I'm doing a project for school. And I have to write on how to configure the name daemon for SLES 9. I don't know how, and I have searched so much and I can't find anything that makes since for me or I am looking at the right thing and I just don't realize it. Help please? 

Question:


> Task 4 - Explain how to configure the Name daemon for the version of Linux being used in your class.  Include screen shots showing the needed output. You may assume your audience is a system administrator.


----------



## Disparia (Dec 13, 2009)

I believe they're talking about BIND:

http://www.redhat.com/docs/manuals/linux/RHL-9-Manual/custom-guide/ch-bindconf.html


----------



## Castiel (Dec 13, 2009)

Thanks!


----------



## Castiel (Dec 13, 2009)

Okay, I'm trying to configure this but all the things to configure it in is for Redhat, Is there anything out there for SLES 9?


----------



## Disparia (Dec 13, 2009)

Lol, sorry.
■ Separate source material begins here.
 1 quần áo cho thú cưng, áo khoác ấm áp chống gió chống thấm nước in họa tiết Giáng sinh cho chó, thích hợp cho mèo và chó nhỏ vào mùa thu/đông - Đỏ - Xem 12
I saw the "ES" and my eyes totally overlooked the "SL"

Maybe: http://www.informit.com/articles/article.aspx?p=413711&seqNum=2


----------



## Castiel (Dec 13, 2009)

Jizzler said:


> Lol, sorry. I saw the "ES" and my eyes totally overlooked the "SL"
> 
> Maybe: http://www.informit.com/articles/article.aspx?p=413711&seqNum=2





Thanks man!


----------